Sociedad -
Entrevista a Pablo Ibar
Crónica desde el corredor de la muerte
La llegada a la Prisión Estatal de Florida recuerda a un campo de concentración. Es inevitable la comparación. Todo evoca otro lugar y otra época, incluso el cartel de la entrada.
Mikel Reparaz / ETB
Starke es un pueblo construido sobre la carretera 301, un desvío de la ruta 10 que cruza el estado de Florida hacia Alabama, rozando Georgia, en el extremo oriental del llamado Cinturón de la Biblia de EEUU. Las iglesias cristianas de diferentes confesiones y los establecimientos de comida basura se anuncian por igual a lo largo de la carretera. La temperatura alcanza los 33 grados centígrados y la humedad supera el 80%. No hay nadie en la calle.
Nos han recomendado un motel de carretera, el más limpio del pueblo, situado frente a una tienda de armas de fuego y al lado de una funeraria. Varios niños chapotean en la pequeña piscina del motel, junto al asfalto por el que no dejan de pasar trailers enormes en dirección a Jacksonville, la ciudad más cercana. El estruendo de los camiones ahoga los gritos de los niños.

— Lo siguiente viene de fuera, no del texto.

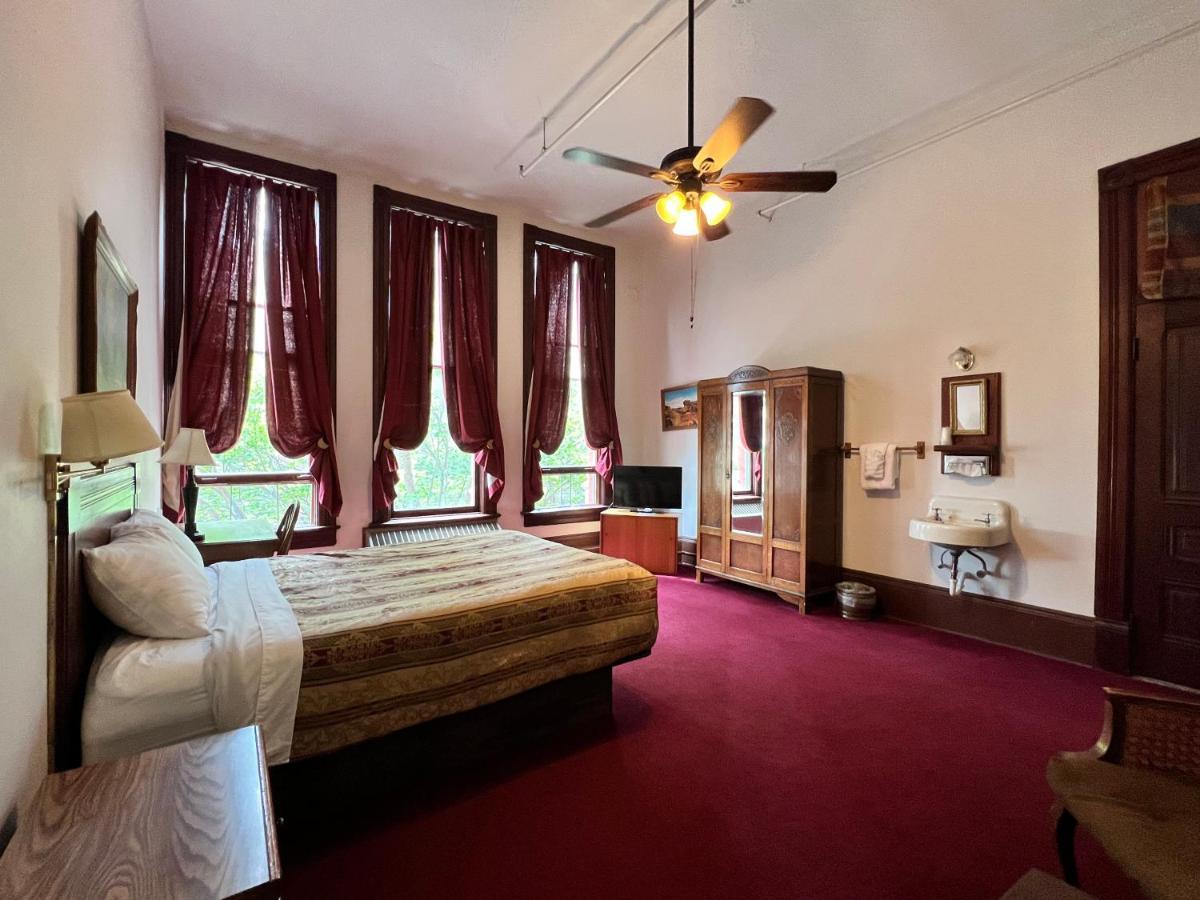 The Waterstreet Hotel Port Townsend Buitenkant foto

Aparcamos el Dodge alquilado frente a la habitación 111. Advertimos que la 112 está precintada, la puerta destrozada y el cerrojo reventado. "No sé qué habrá ocurrido en esa habitación", nos esquiva la recepcionista. Pero una rápida búsqueda en Google basta para averiguar que hace dos semanas la policía persiguió a un presunto violador de niños hasta este lugar. El fugitivo acabó pegándose un tiro en la habitación 112. Preferimos no preguntar más.

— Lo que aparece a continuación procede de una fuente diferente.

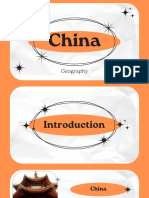 China Geography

"En este motel se alojan muchas mujeres europeas y de otros lugares que vienen a visitar a los walking dead, a los presos del corredor de la muerte", nos dice la recepcionista puertorriqueña. "La mayoría se han conocido por carta, y las mujeres vienen a conocerles en persona porque se enamoran de ellos, de violadores y asesinos en serie… es algo que no alcanzo a comprender", nos dice contrariada. Muchos habitantes de Starke trabajan en la prisión. Están acostumbrados a convivir con el recinto de alambradas, torretas y barracones situado a 9 millas del pueblo.

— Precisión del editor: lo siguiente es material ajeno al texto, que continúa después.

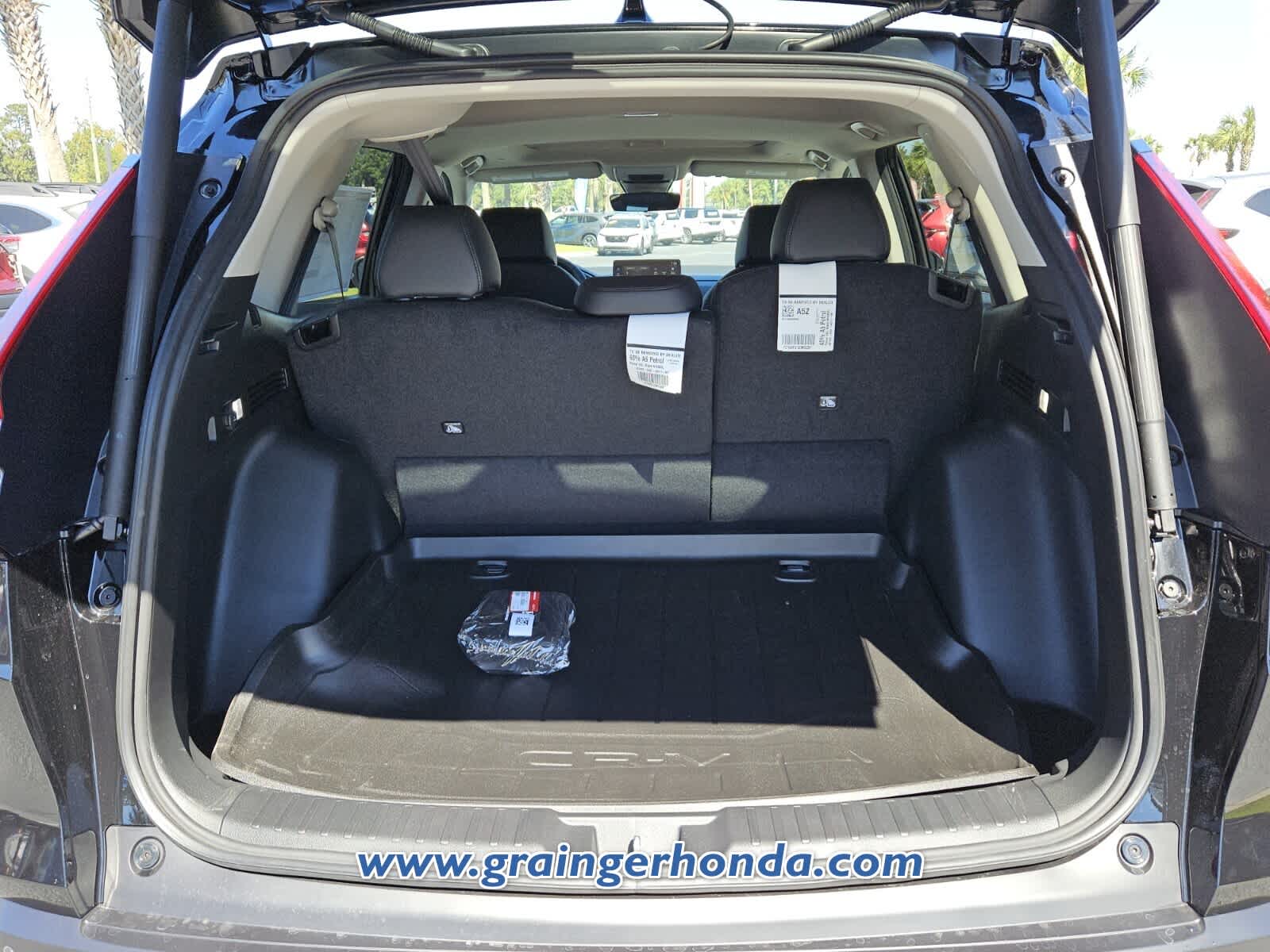 New 2027 Honda CR-V SUV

La llegada a la Prisión Estatal de Florida recuerda a un campo de concentración. Es inevitable la comparación. Todo evoca otro lugar y otra época, incluso el cartel de la entrada, un arco de forja bajo el que hay que pasar para llegar a los barracones donde esperan los presos a ser ejecutados y donde se encuentra la cámara de la inyección letal. Más adelante, junto la carretera que atraviesa el territorio de la prisión, está el edificio del corredor de la muerte. En él hay 412 presos condenados a morir por inyección. Entre ellos está Pablo Ibar, el único vasco condenado a muerte en el mundo.
'Vida y Muerte'
Nuestra entrevista con Ibar está fijada para la una de la tarde. Las condiciones para entrar en el corredor son muy estrictas: ropa adecuada, una lista de material cerrada, nada de dinero, móviles ni otros dispositivos. Se abre la primera puerta electrificada ante nosotros. Entramos junto a una trabajadora de correos que empuja un carro lleno de sacos con la correspondencia. "Esto no es para el corredor", nos aclara. El destino de las cartas es el módulo de "los vivos", los presos comunes. Una vez pasado el primer control de seguridad, los guardias indican dos caminos: Life (vida) y Death (muerte). Así llaman entre ellos a los dos módulos separados que aparecen ante nosotros.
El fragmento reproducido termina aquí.